If predictions of an impending Twitterstorm are correct, the official release of Final Cut Pro X could come as early as tomorrow. Before the deluge, why not sit back and reflect on where it all began?

This video promo for Final Cut’s very first version, in all its blurry, pixelated glory, reminds us just how far FCP technology, and tech promos in general, have come. Back in 1999, after Apple purchased Final Cut from Macromedia, the video landscape included peaks dotted by Avid and Media 100, DV was a hot term, and white-and-teal G3 towers and bulbous Macs were just part of the scenery.

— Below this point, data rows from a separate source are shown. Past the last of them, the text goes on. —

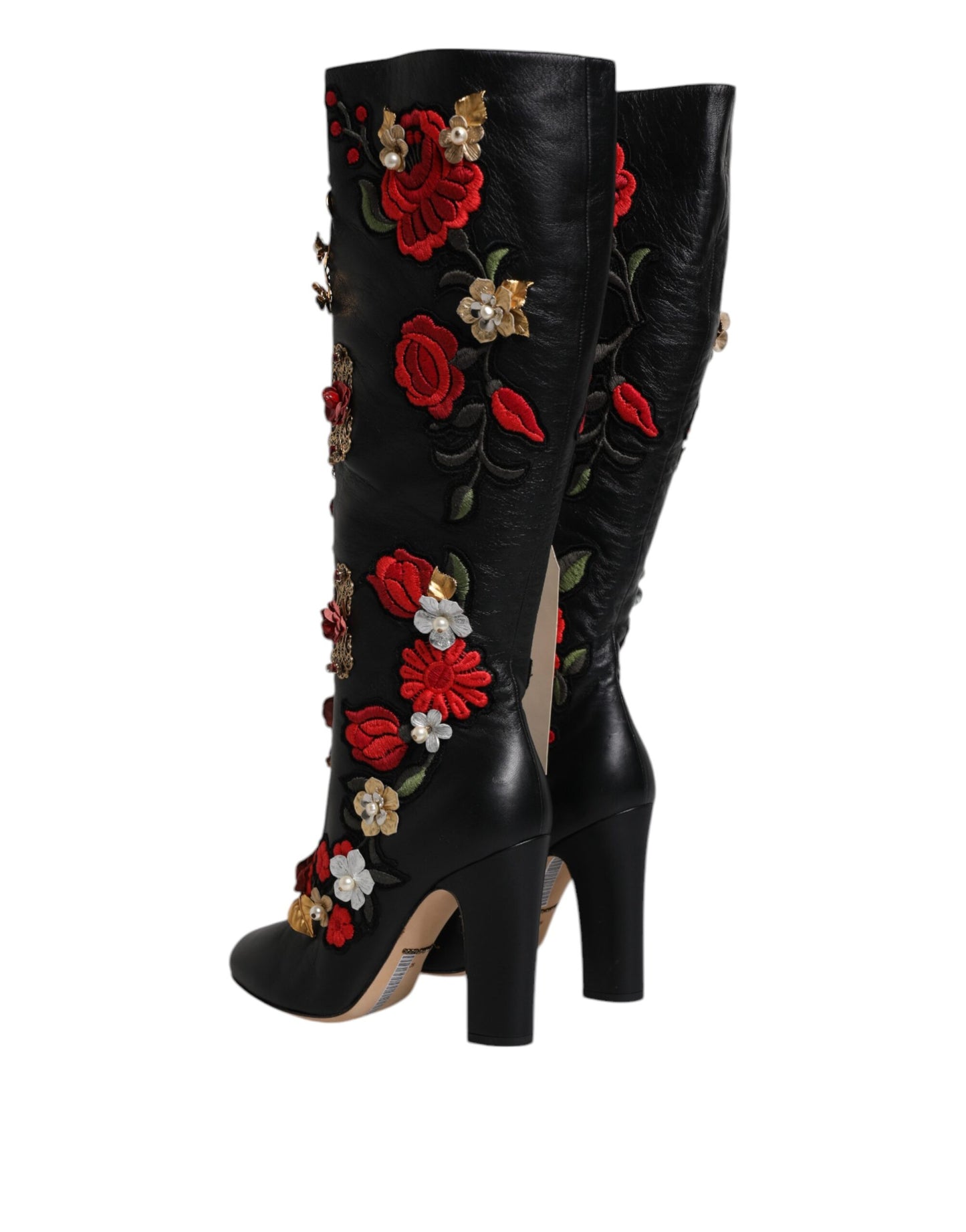 Dolce & Gabbana - Bottines à talons en cuir ornées de roses noires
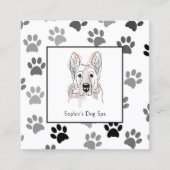 Dog and Paw Print Pattern Dog Grooming Spa Busines Vierkante Visitekaartje (Voorkant)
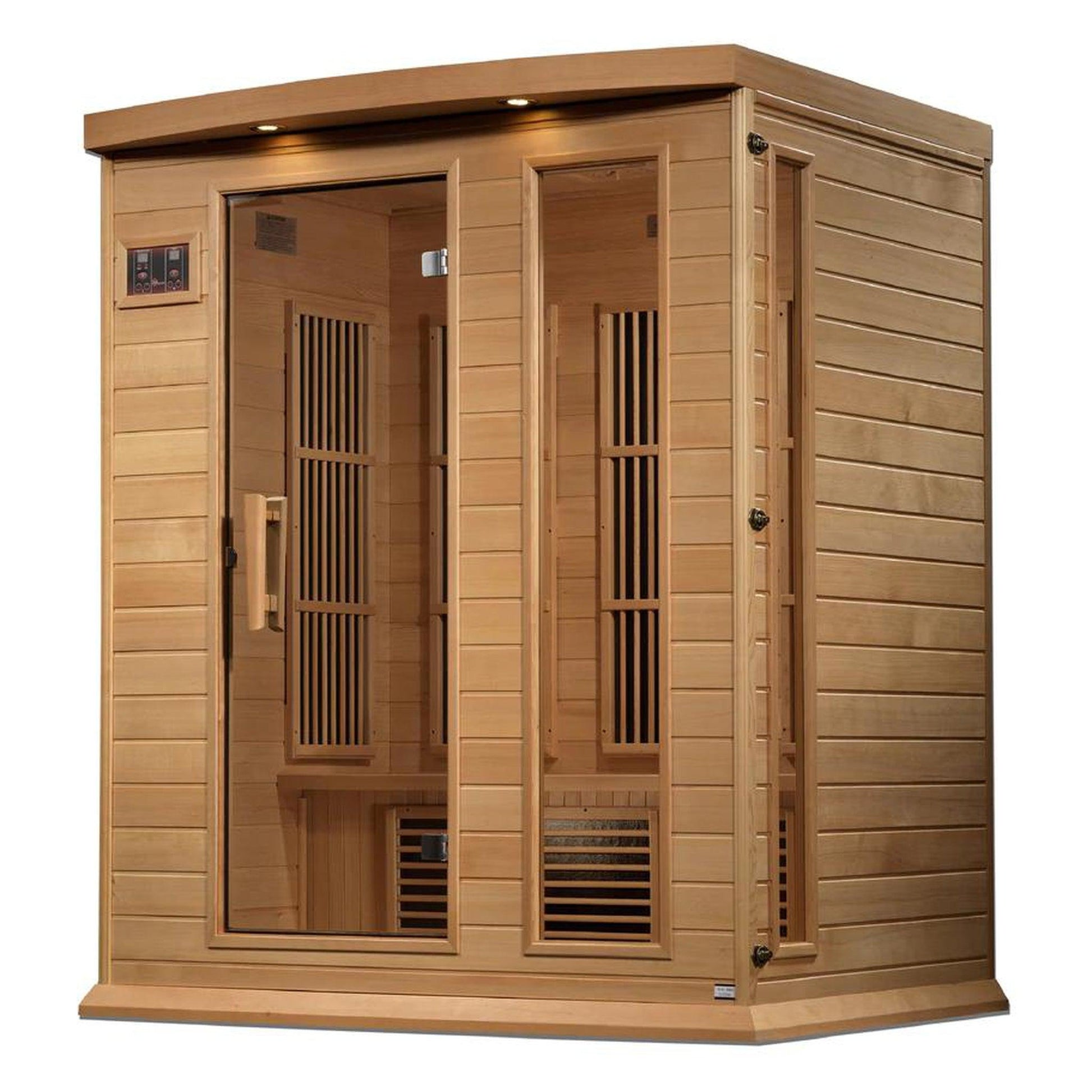 Golden Designs Maxxus 3-Person Near Zero EMF FAR Infrared Carbon Sauna in Canadian Hemlock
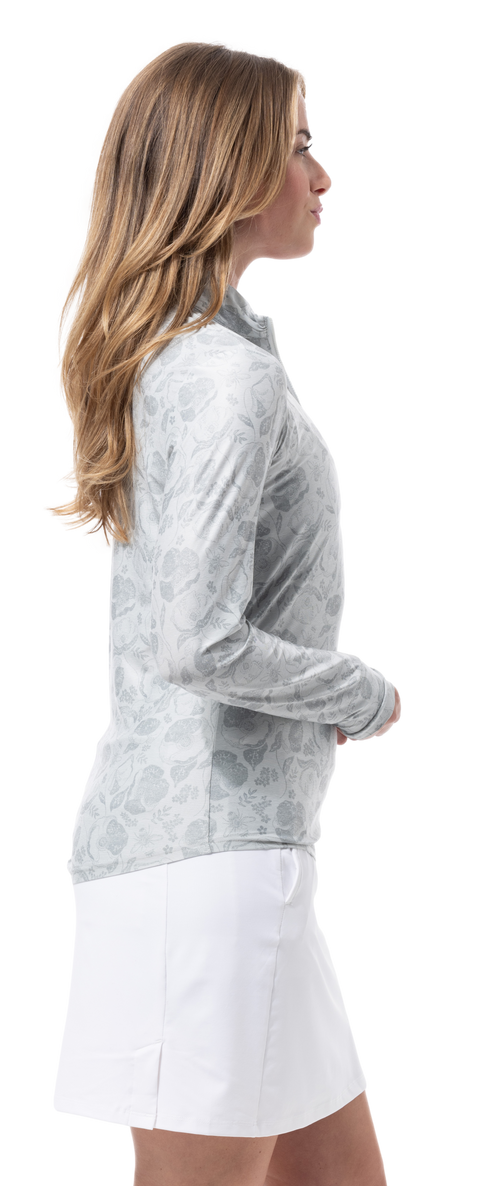 SOLTEK ICE PRINT ZIP MOCK. QUEEN BEE DOVE. 900453P - SanSoleil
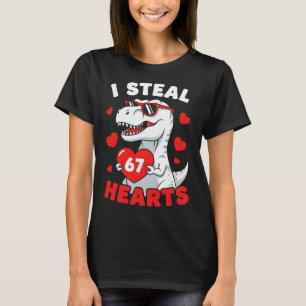 I Steal 67 Hearts Funny 67 Valentine Dinosaur Men  T-Shirt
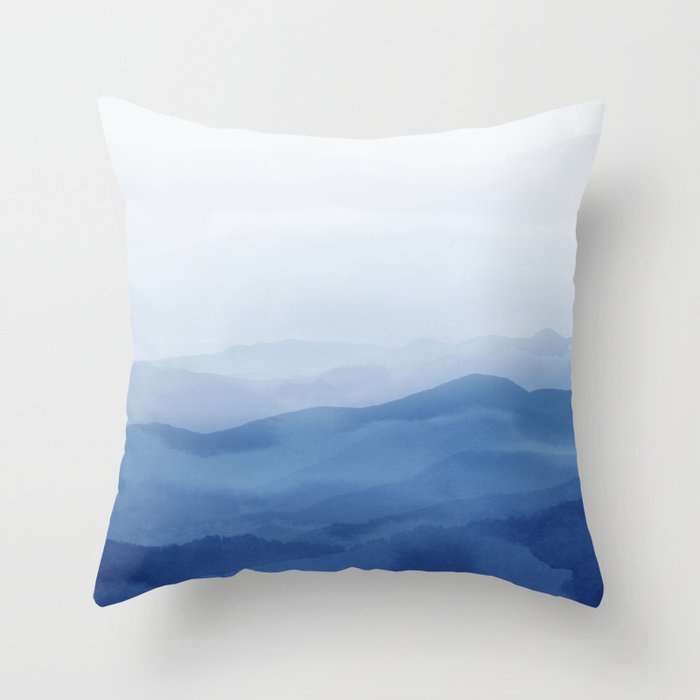 Abstract Watercolor Blue, Watercolor Mountains, Art Print By Synplus Throw Pillow Gallery Image 6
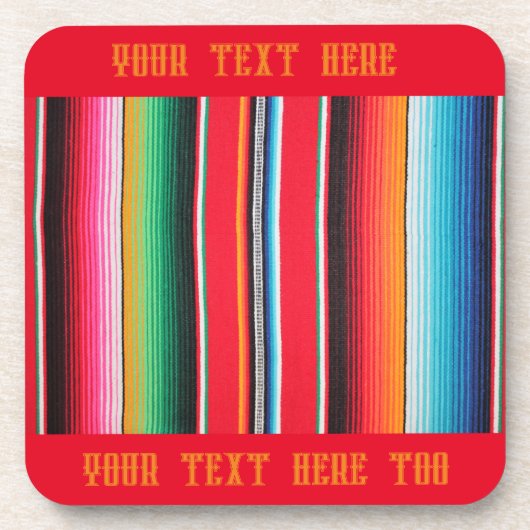 メキシコのポンチョSerapeコースター – カスタム文字ドリンク コースター (正面)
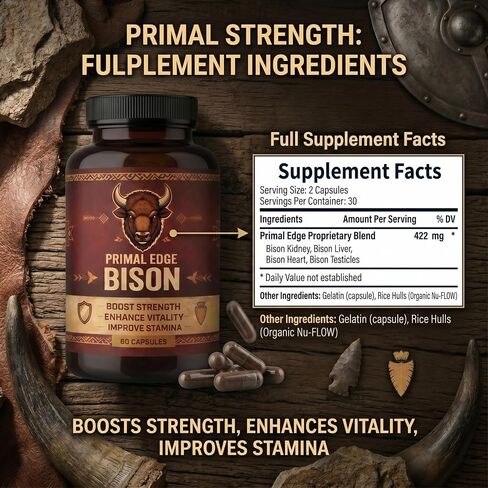 Primal Edge Bison، كبسولات مستخلص البيسون الأمريكي البدائي، مكمل لأعضاء البيسون الأمريكي الذي يتغذى على العشب - 60 كبسولة. (قطعة واحدة) in Kuwait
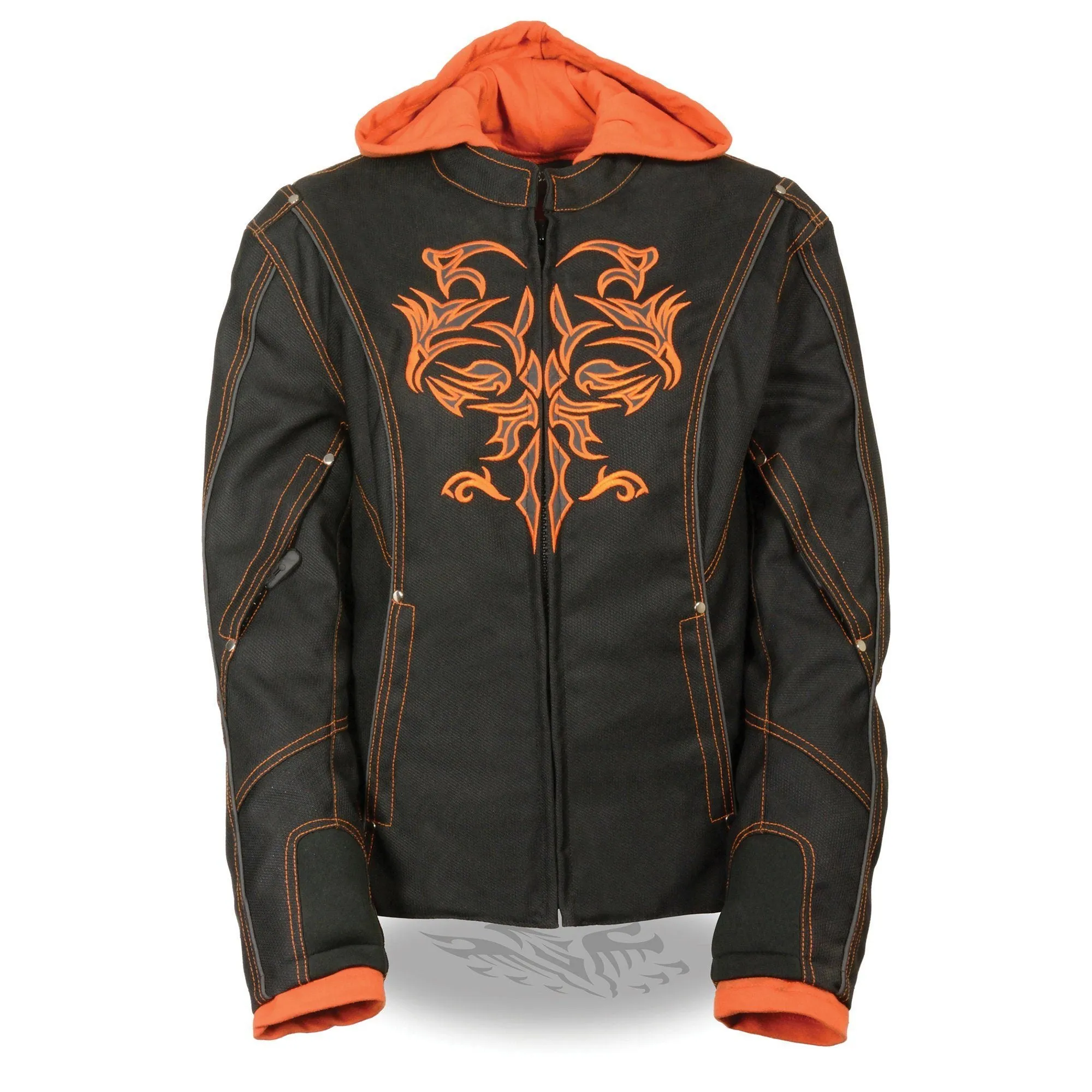 Milwaukee Performance Textile-SH1939-Ladies Black and Orange 3/4 Textile Jacket with Reflective Tribal Detail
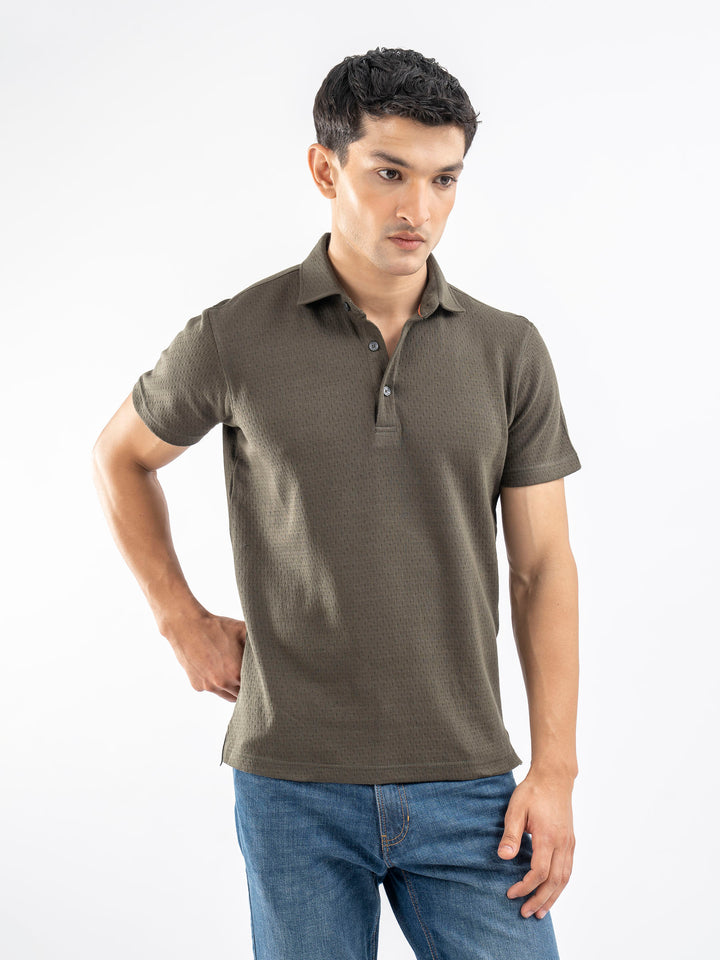 Olive Green Structured Polo With Cutaway Collar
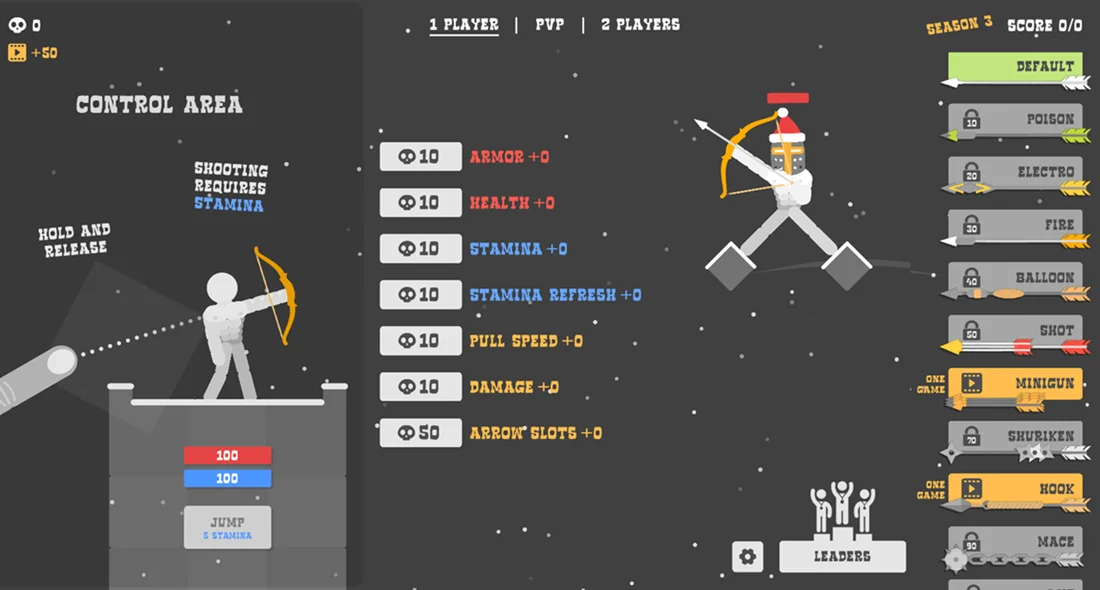 Ragdoll Archers main game interface showing stick figure archers and game controls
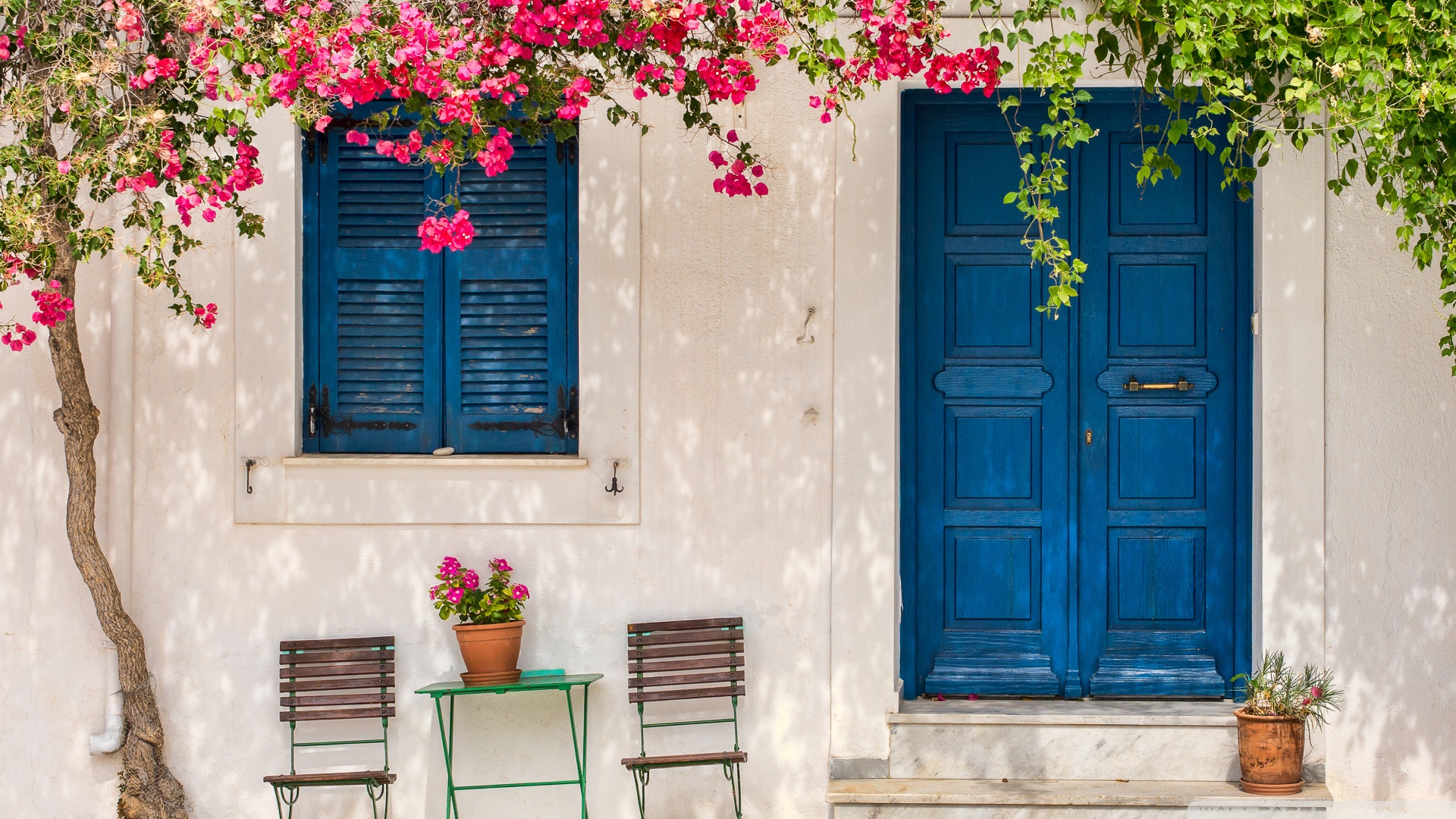 Traditional greek house with flowers in Paros island, Greece Ultra HD  Desktop Background Wallpaper for 4K UHD TV : Widescreen & UltraWide Desktop  & Laptop : Tablet : Smartphone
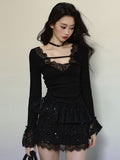 Black Lace Trim V-neck Knit Top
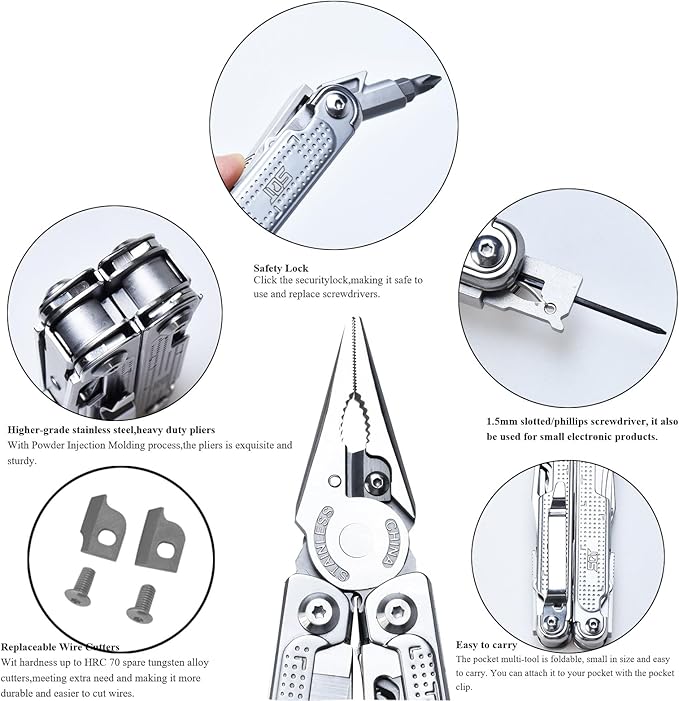 SQT2048 20-in-1 Multitool Foldable &amp Self-Locking Professional Tool for DIY Home Repairs Outdoor Camping – Must-Have Gifts for Men Compact Durable All-in-One Tool for Every Task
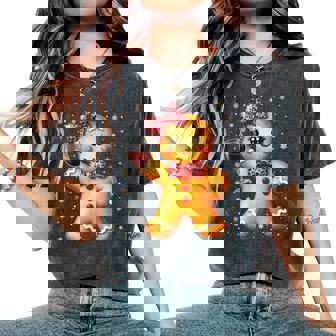 Cute Gingerbread Leopard Coquette Christmas Wine Xmas Women Women's Oversized Comfort Colors T-Shirt | Mazezy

The promo may not have the real-time immediacy or resolution that we’re used to now, but it is a terrific timepiece on the NLE’s origins and Apple’s early emphasis on user-friendly interfaces. Hear a much younger Randy Ubillos, who created the first three versions of Premiere for Adobe and went on to develop FCP’s precursor, KeyGrip, for Macromedia, talk about why the brand new Apple product could create “an explosion in the video market in the next few years.” That early pedigree has served Ubillos well at Apple. Today he’s the company’s Chief Architect for video applications and has gone on to democratize the FCP brand with the development of iMovie for computers, iPhone and iPad. Here he is last October, introduced by a frail-looking Steve Jobs, giving a demo of iMovie ’11:

In the original FCP demo, there’s also more than a passing reference to “workflow,” then still an emerging term. Now it’s the only way to talk about making media in a file-based universe.